Okay, so my sis had this pic of her from like, the 90's on Facebook. And I was like, "What. The. Heck is that?" and she schooled me that it was something like throwback picture week or whatever. And I was like, "I will kill you if you put up a pic of me from the 90s."

So front forward (yes, I know that's wrong. My DH laughs every time I say it.) a couple of weeks. I was getting dressed last week, and I'd recently cleaned off my dressertop. Thus, I could see the family pics from about 10 years ago sitting there.

And I looked at that girl.

And I tried to make her into me.

It didn't work.

Because I'm not that girl. Back then, I was a completely different person than I am today. And it felt weird. It felt so totally bizarre to be in my skin, and look at that girl and think about the life she lived in a different skin.

So then I went all nostalgic and pulled out a bunch more pictures.

Me, with a mullet. I look about eight, maybe, and I guess I caught eight fish that day.




How did that girl (↑) become this girl?(↓) The one not afraid to wear socks that don't match, and orange shoes and pose like an idjit for her girl's choice picture? (Yes, I have on a jean vest. 90's baby.)



Or this one? (↓) (That's me and my grandma and my sis. Leather is sooo much better than denim. At least I lost the bangs, right? And yes, that's the Canadian maple leaf with deer antlers behind me. My parents still have panelling. I mean, PANELLING. Yikes! Let the snarfing begin.)



And how did those girls become this one?



I think I know the answer.

Life.

I almost started crying.

And then, as I always do, I began thinking about my MC. See, she's been giving me fits lately. Through all the editing, in the beginning of the book I keep trying to make her someone--she--just--hasn't--become--yet.

And holy blazing light bulb moment.

Just like mine, her life is a character arc. (Yes, those words freak me out.) And just as I'm molded and shaped and changed by things that happen in my life, so is my MC.

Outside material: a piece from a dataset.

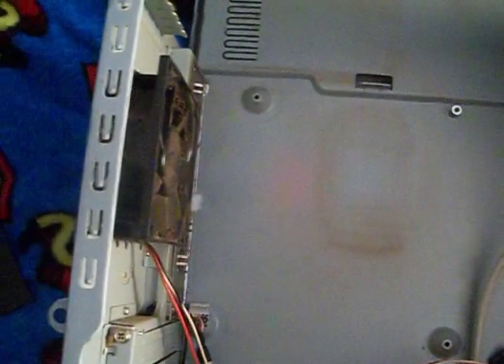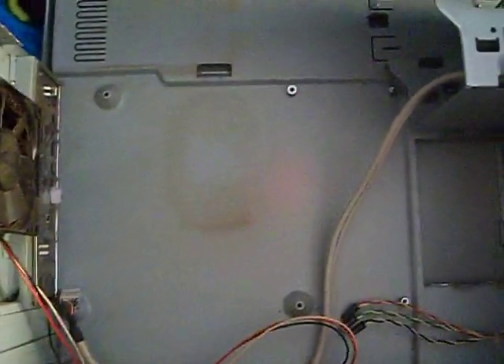This goes to show you: never throw anything out, because someone like me will find it and be able to use it. That fan there is kind of dusty — that's going to come out. I took the hard drive cage out so I can clean it, but it's going back in. I'm going to get some junk parts from eBay and throw them in here, and see what happens. I'll have another thing to play with that I don't need, but still feel the need to have.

And just like me, she is not the same at the beginning of her story as she is at the end.

Now, this isn't the first time I've thought about charcter arcs. It's just not something I pay attention to while I'm writing. Like, at all.

But I will now. Because I've internalized it.

What have you learned about writing from your real life? Am I the only one practically bawling when I see myself from ten years ago? (Okay, fifteen, sheesh.)